Problem Çıkarılan Değil, Çözen İnsan Olma ve Sahâbe
Efendimiz (sav), problemleri çok rahat çözüyorlar; daha doğrusu, onları hiçbir zaman kördüğüm haline getirmiyorlardı. Huneyn Savaşı'ndan sonra çıkan problemi nasıl kolayca ve bir daha iz bırakmayacak şekilde çözmüşlerse; Mustalik Oğulları gazâsı dönüşünde baş gösteren problemi de, aynı şekilde hemen kaynağında boğmuşlardı.

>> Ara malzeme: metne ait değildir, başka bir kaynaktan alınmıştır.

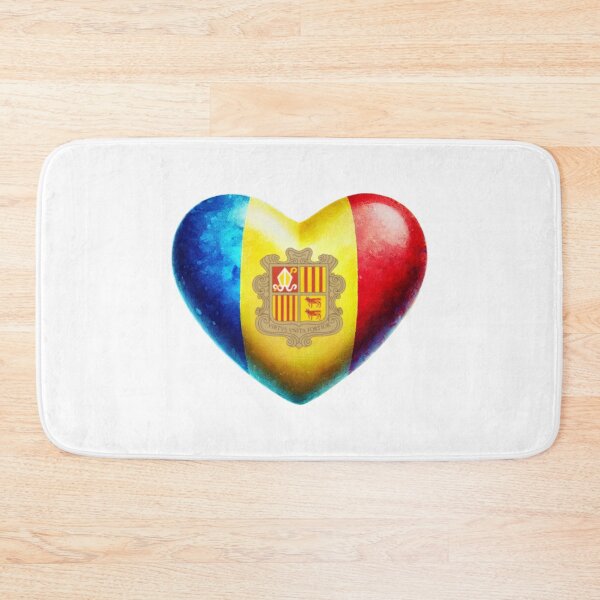 Item preview, Andorra Heart Flag Watercolour Style designed and sold by FlagWardrobe.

İfk hâdisesindeki tavırları da başlı başına bir fetânet örneğidir: Pek çok kimsenin aldatılıp fitneye sürükleneceği böyle bir hadisede, yara almadan işin içinden sıyrılmak ve bütün nifak cephesinin planlarını boşa çıkarmak, gerçekten emsâli gösterilemeyen bir firâset örneğidir.

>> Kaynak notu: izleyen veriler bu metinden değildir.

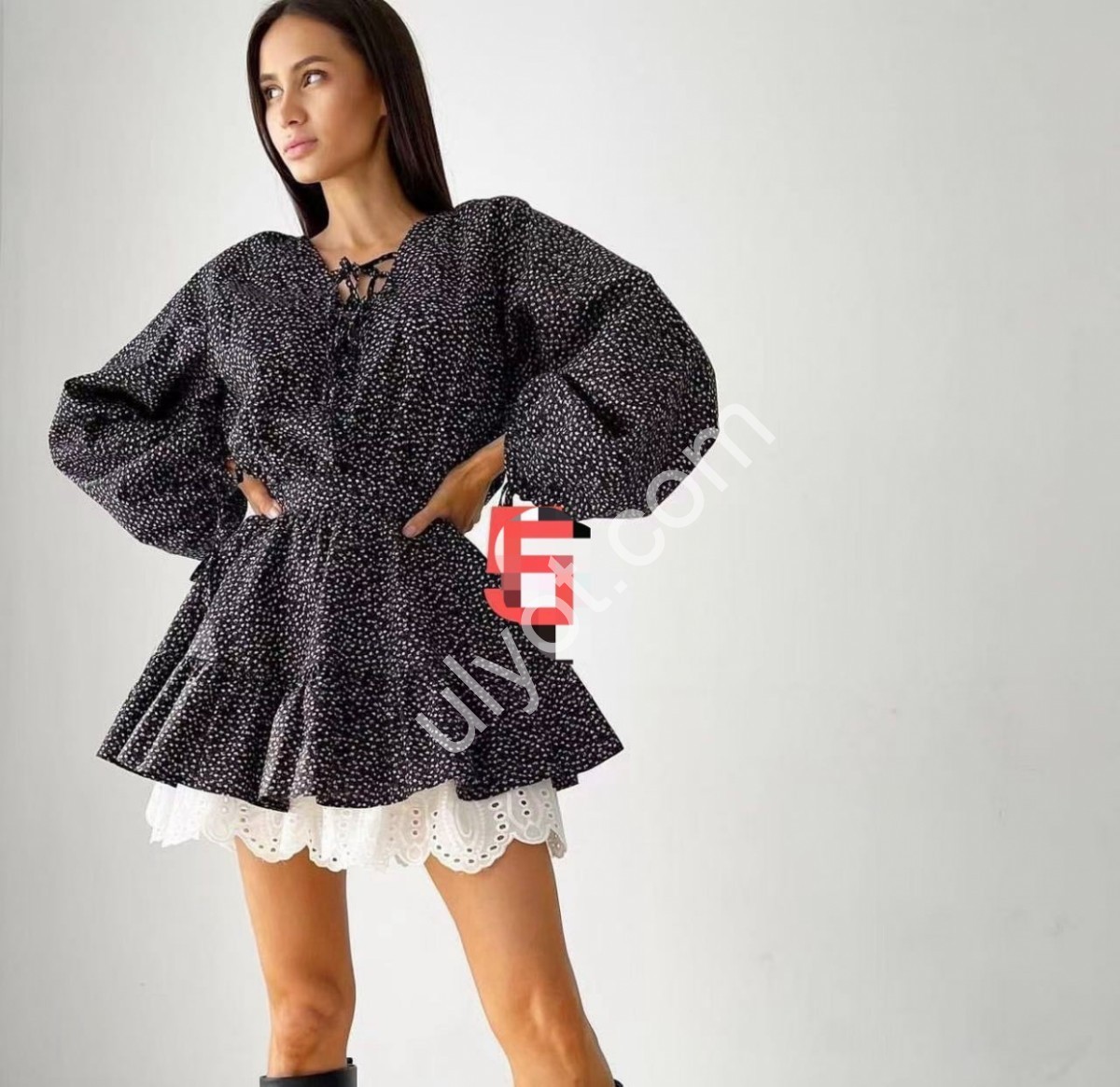 Фото 1 ПЛАТЬЕ (S-L) РОЗОВЫЙ 6001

İfk hâdisesinde münafıkların yaydığı dedikodulara, Bedir ehlinden olduğu ve Hz. Ebû Bekir efendimizin yardımlarına mazhar bulunduğu halde, Hz. Mıstah b. Usâse de karışmıştı. Hâdisenin sadece bir iftiradan ibaret bulunduğu âyetle de tescil olunca, Hz. Ebu Bekir efendimiz, Hz. Mıstah'a yaptığı yardımı kesti. Hemen nâzil olan âyet, "Sizden fazl sahibi olanlar, yardımı kesmesin" diye ikazda bulununca, Hz. Ebu Bekir, hiçbir şey olmamış gibi yardımına devam etti. Leyl sûresinin son âyetleri onun hakkında geldiği rivayet edilir. O, sadece ve sadece "Yüce Rabbini hoşnut etmek isteyendi." Bu sûreden sonraki Duhâ sûresi, Efendimiz hakkındadır. İkisi arasındaki iktiran burada da dikkati çekmektedir. "Sıdkla gelen ve O'nu tasdik eden" âyetindeki, "sıdkla gelen," Efendimiz (sav), "O'nu tasdik eden" de Hz. Ebû Bekir'dir. Efendimiz, bir rüyasına dayanarak, onun halifeliği için "zayıf" tabirini kullanmışsa da, bu zayıflık, Hz. Ebu Bekir'in şahsı ve idareciliği için değildir. Hilâfeti yüklendiğinde, irtidad hadiseleriyle toplumdaki sarsıntılardan ötürüdür. O, bütün bunları önledikten sonra, Hz. Ömer zamanında yerli yerine oturacak olan sistemin temellerini atmıştı ki, Hz. Ömer, onun attığı bu temeller üzerinde yürüdü.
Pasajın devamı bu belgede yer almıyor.